Launching the Web Application from WTP
Now let's test the debugging functionality:
- Put a breakpoint in the servlet doGetMethod.
- Launch the application by right clicking on the project and executing "Debug As" (see Figure 10).
- Select "Debug on Server".
- If there is no option to use "Choose an existing server," use "Manually define a new server" only.
|Figure 10. Launching the Web Application: Launch the application by right clicking on the project and executing "Debug As".|
In the next page of the wizard screen, ensure that the project is showing up under "Configured projects". You can experiment with the debugging capabilities of WTP by placing breakpoints in JSPs or the servletor, for that matter, in any other code. If you encounter issues, you may need to relaunch after deleting the server shown in Figure 11. (You won't need it the first time.)
Eclipse will launch the browser and show the application in it. Depending on the breakpoint, Eclipse may go into the debug perspective. You can even set your breakpoints at runtime and see the effects. Alternatively, you can also launch using Run As→Run On Server in the same manner.
Verifying WTP and M2 Plugin Integration
Based on the output and debugging session, you can confirm whether or not the integration was successful.

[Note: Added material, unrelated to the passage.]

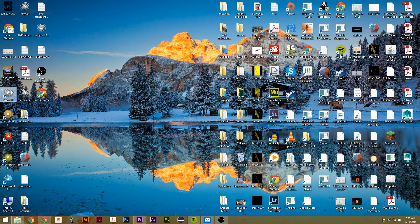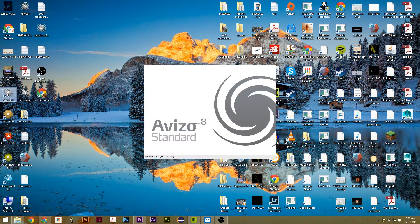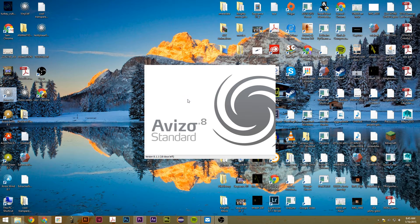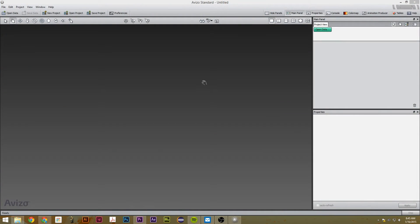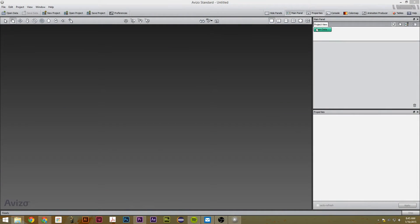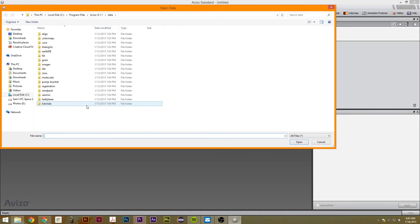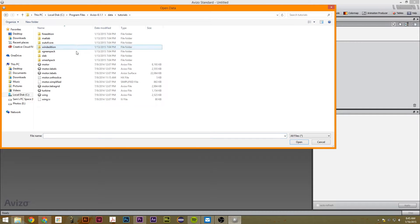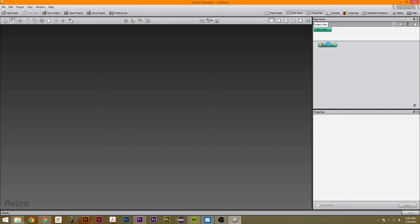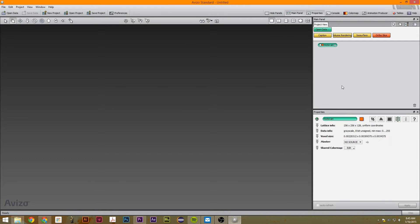The first thing we're going to do is just open Avizo 8.1 and we're going to go up here and open data to tutorials and then we're going to go to motor. So once we're at motor, these are the two tools we're going to use: isosurface and orthoslice.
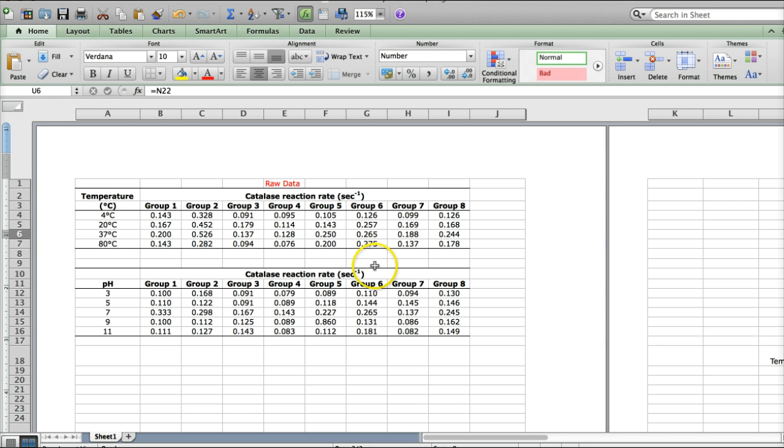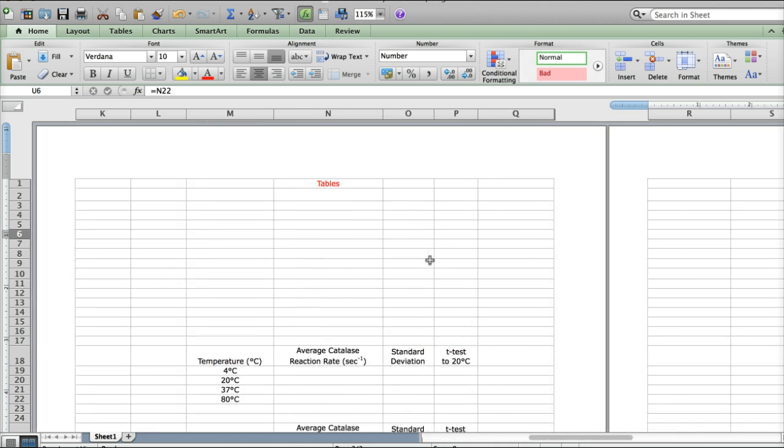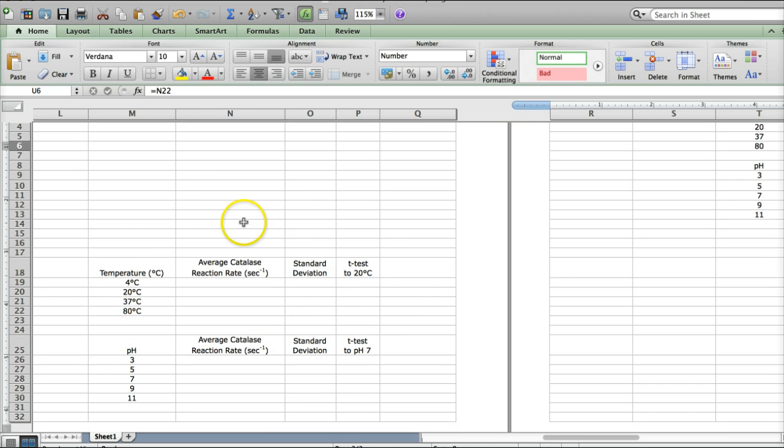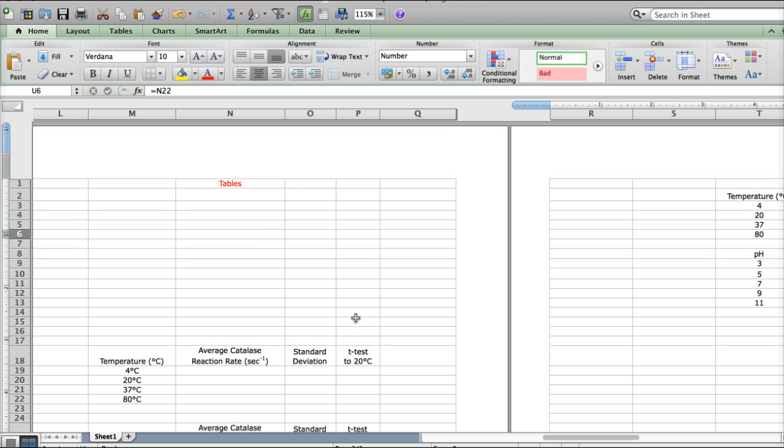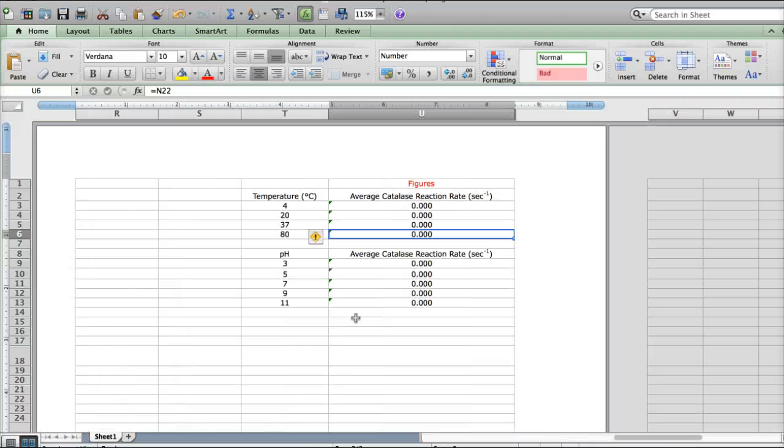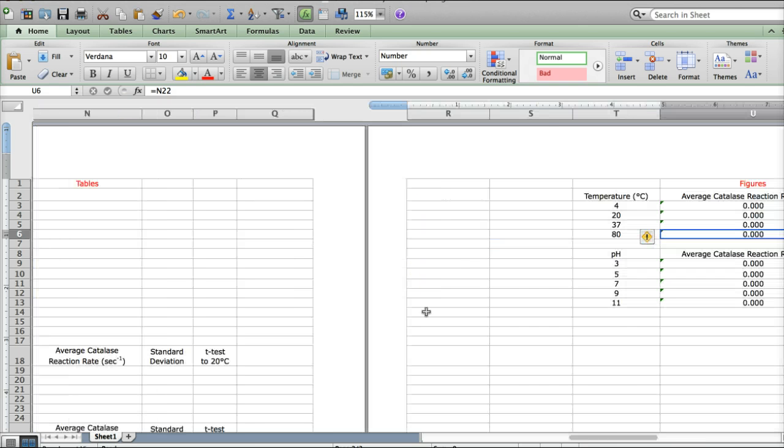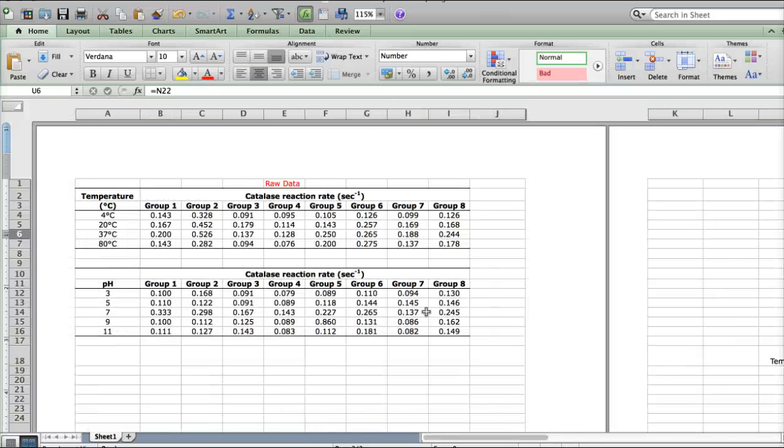So this is the data file that you will download from the Blackboard site. Once you open it up in Excel, you'll see that there are three pages. The first page has the raw data. The second page is where you'll be making your tables. Down here at the bottom, it's all pre-formatted for you and you'll just be adding in the numbers and doing a couple more things. And then the third page is where you'll be making your figures. This will collect some information from your tables and then facilitate making your figures.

Note: Changes you make to the servlet, simple classes, and JSPs get dynamically reflected in the output because WTP is pushing all changes into the server. If you don't need this feature, feel free to stop the server, or delete the server from the server view discussed above. Running Maven goals of "package" does not affect this functionality in anyway. In fact, all other Maven goals can be executed in the same manner.
|Figure 11. Servers View: Launch the application by right clicking on the project and executing "Debug As".|
For Further Consideration
The M2Eclipse plugin not only works nicely, but it can also integrate well with WTP. However, this integration does require some configuration even for web application projects as simple as this example used in this article.

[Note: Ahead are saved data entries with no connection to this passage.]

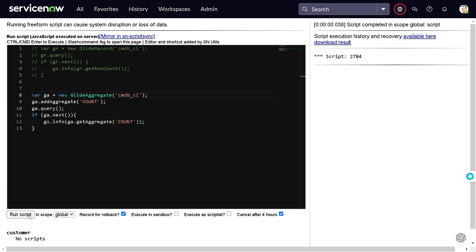This is all for today's tutorial. In this tutorial, I wanted to just showcase what is the best way to get the count whenever we want to do the row count kind of thing. From the example we understood that glide aggregate is the best. We also know the reason now, why it's best.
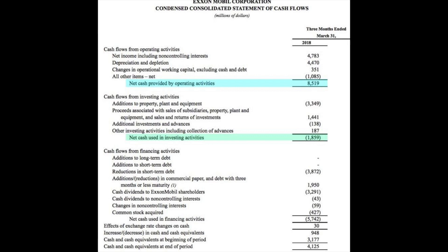Equally, a positive cash flow is not necessarily a good thing either, as it could be positive because the company is taking on unsustainable amounts of debt, whilst the operating cash flow may in fact be negative. This is why you really have to analyze cash flow statements carefully.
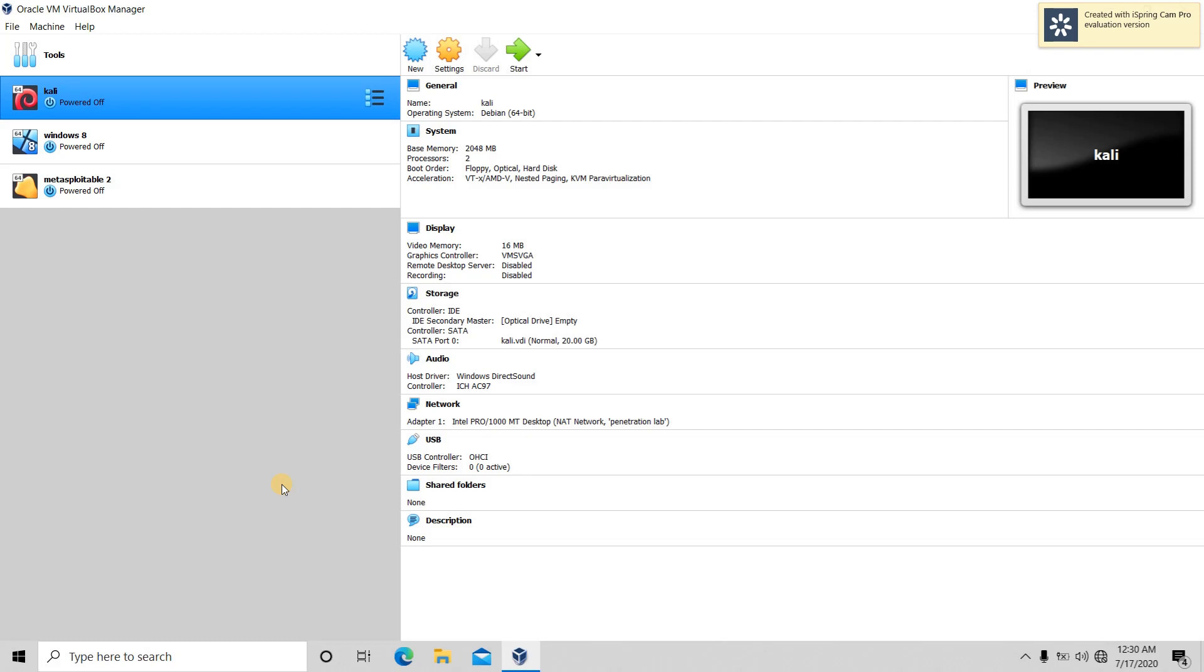In this tutorial, we are going to learn how to configure our own penetration testing lab.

The following are some additional tips to keep in mind when integrating M2 and WTP with the techniques described in this article:
- There is no need to maintain the .classpath file, nor is there a need to use the eclipse:eclipse goal that was used previously with the Maven Eclipse plugin. The .classpath is much cleaner because the pom.xml is used as a valid metadata for understanding the individual jars. All the referenced jars from the repository don't show up in the .classpath.

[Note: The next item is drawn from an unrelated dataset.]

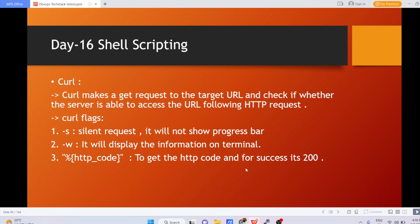Hello all, welcome to the channel DevOps Tick Stack. Today I'm going to start the Day 16 video of the shell scripting playlist. In this particular video you will learn all about the curl request. Basically what I want to show is that whenever you are trying to access or download any particular software from a URL onto your server, your server should be able to access that URL in order to download that software.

- The key to doing a WTP and M2 integration is to understand folder structures, Java build path settings, and the file .settings/org.eclipse.wst.common.component.
- You can learn everything about the actual application that you deployed by examining the folder .metadata\.plugins\org.eclipse.wst.server.core\ inside the workspace. You will need to explore the subfolders to locate the actual location where the web application is being assembled when you execute "Run on Server". A close look at it reveals that the servlet-api jar and the JUnit jar are not inside the assembled application's WEB-INF/lib folder, because they had scopes of provided and test, respectively. The earlier builds of the M2 plugin had an issue in this regard.
- If you use Maven 2, you don't need MAVEN_HOME or any other environment variable except JAVA_HOME and the correct path. And you need those only for executing Maven 2 from the command line.
- The M2 plugin uses a component of Maven called Maven Embedder. Embedder has been used by the Maven command line interface (CLI) since version 2.1.
- You must use Maven from the command line as part of continuous integrations and a regular non-IDE based build process. When running Maven from the command line to build and deploy the web application into Tomcat, refer to the Maven 2 documentation and the Maven 2 book Better Builds with Maven.